● Task to complete: Every entry below should be printed exactly, without its images.

● Input:
* * * * * * *

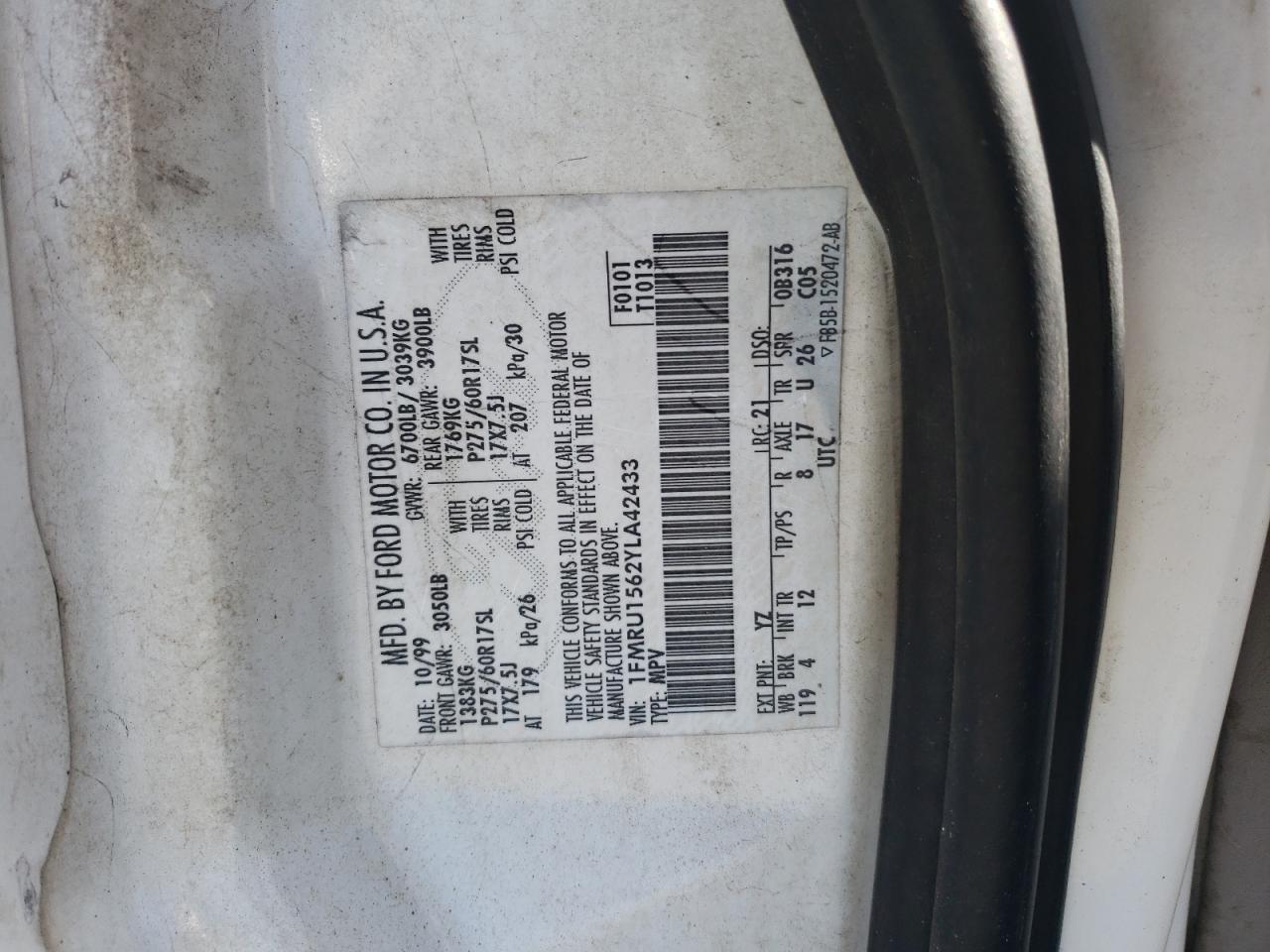 2000 FORD EXPEDITION - 1FMRU1562YLA42433 — photo 10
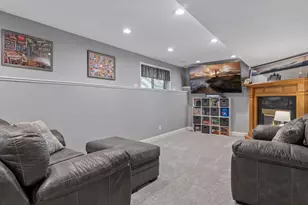 21071 Hyacinth Ave, Lakeville, MN 55044 - Photo 32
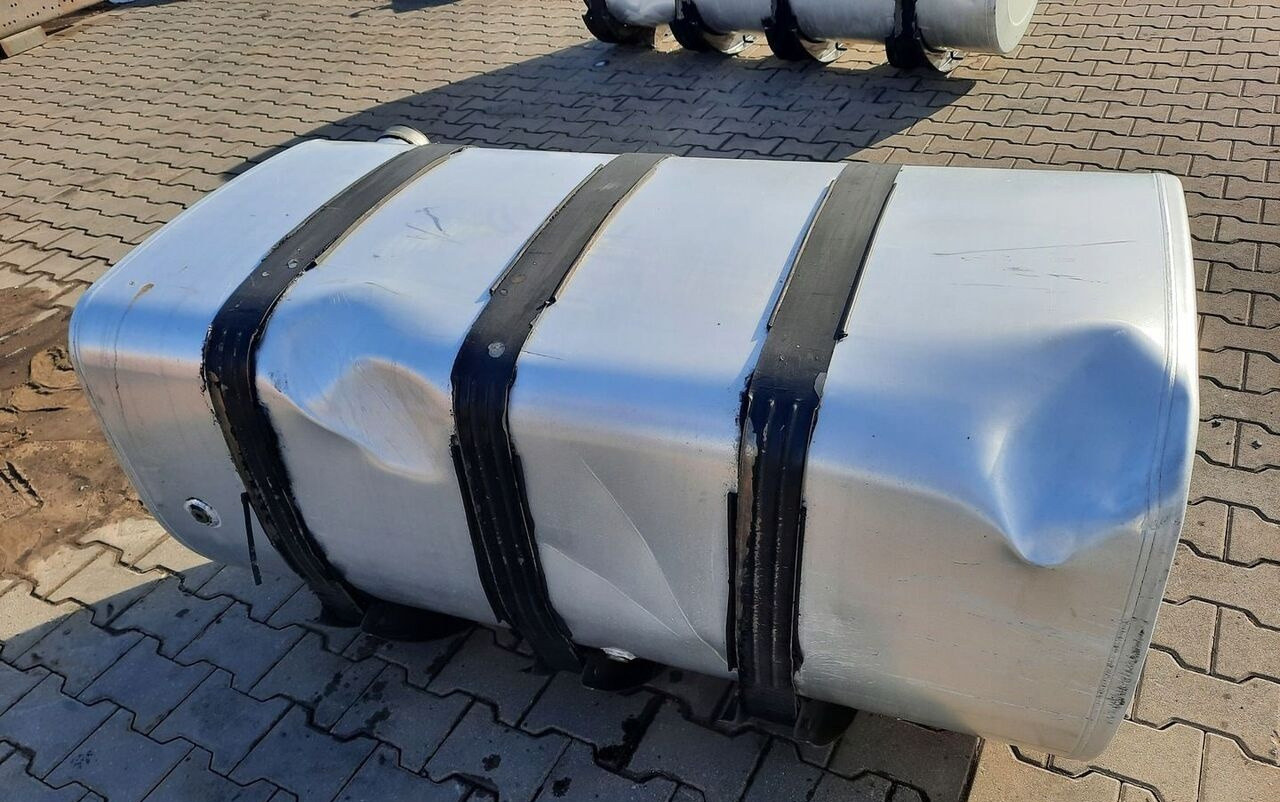 Renault ZBIORNIK PALIWA VOLVO FH4 FM4 FMX 140/70/70 21655313 - Serbatori i karburantit për Kamioni: foto 3 Renault ZBIORNIK PALIWA VOLVO FH4 FM4 FMX 140/70/70 21655313 - Serbatori i karburantit për Kamioni: foto 3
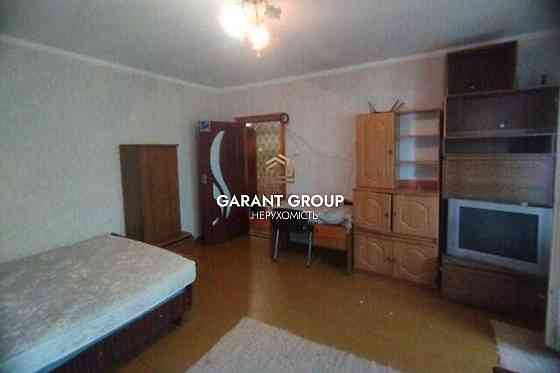 У продажу трикімнатна квартира у Пересипському районі Одеса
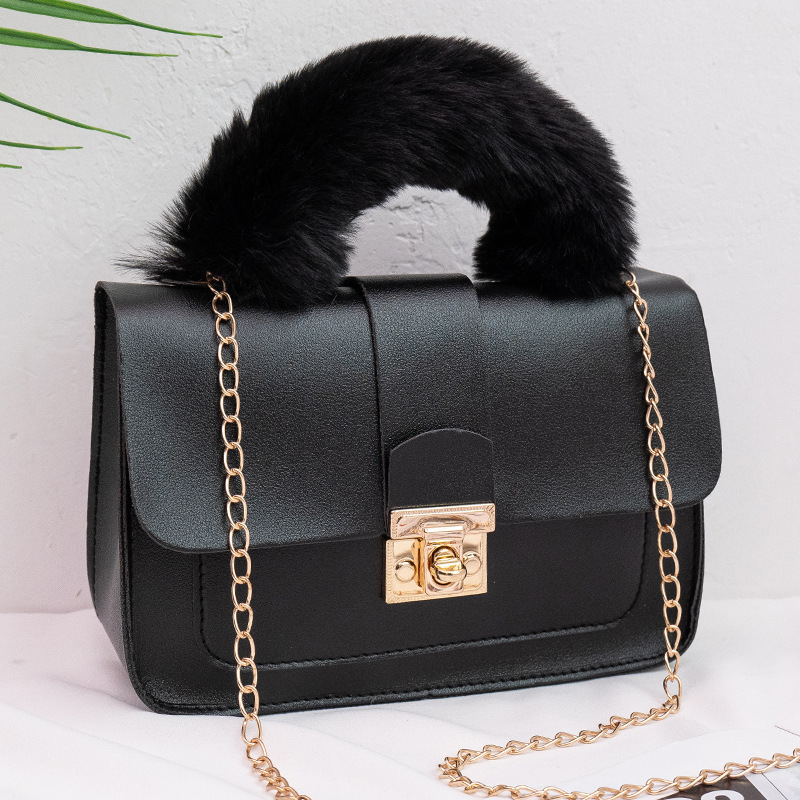 Ladies Hand Bags Designer Crossbody Bag Plush Handle Handbags Personalized Chain Fashion Bags Simple Style Shoulder Bags DPD2409232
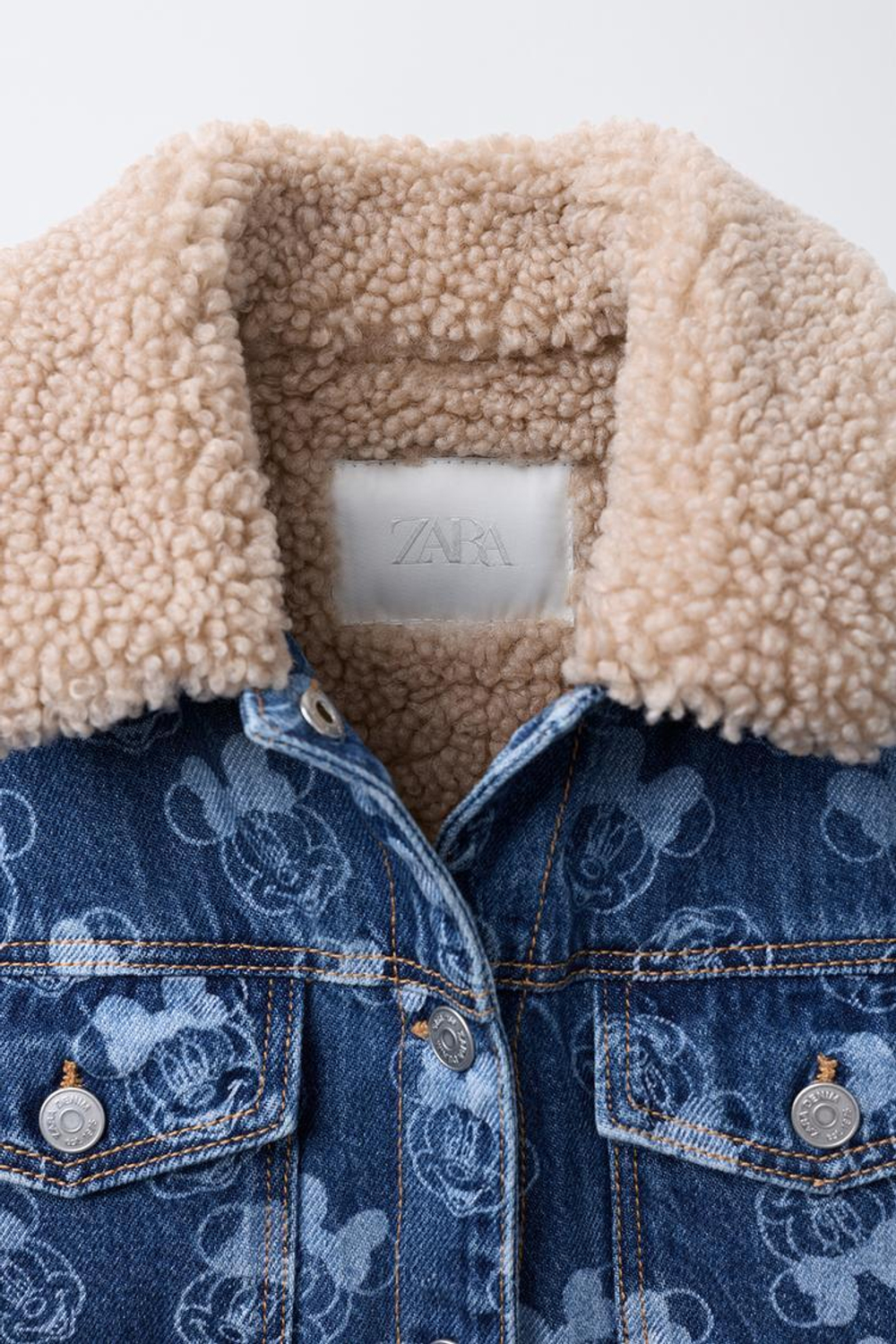 ZARA ДЖИНСОВАЯ КУРТКА С ИСКУССТВЕННОЙ ОВЧИНОЙ MINNIE MOUSE © DISNEY, ВЫЦВЕТШИЙ СИНИЙ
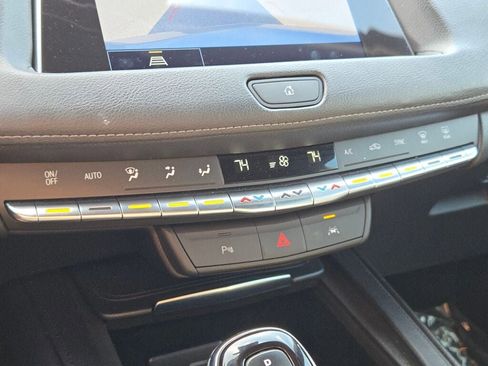 Used 2023 Cadillac XT4 Premium Luxury image 30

* * * * * * *

● Written response:
 2000 FORD EXPEDITION - 1FMRU1562YLA42433 — photo 10
 21071 Hyacinth Ave, Lakeville, MN 55044 - Photo 32
 Renault ZBIORNIK PALIWA VOLVO FH4 FM4 FMX 140/70/70 21655313 - Serbatori i karburantit për Kamioni: foto 3 Renault ZBIORNIK PALIWA VOLVO FH4 FM4 FMX 140/70/70 21655313 - Serbatori i karburantit për Kamioni: foto 3
 У продажу трикімнатна квартира у Пересипському районі Одеса
 Ladies Hand Bags Designer Crossbody Bag Plush Handle Handbags Personalized Chain Fashion Bags Simple Style Shoulder Bags DPD2409232
 ZARA ДЖИНСОВАЯ КУРТКА С ИСКУССТВЕННОЙ ОВЧИНОЙ MINNIE MOUSE © DISNEY, ВЫЦВЕТШИЙ СИНИЙ
 Used 2023 Cadillac XT4 Premium Luxury image 30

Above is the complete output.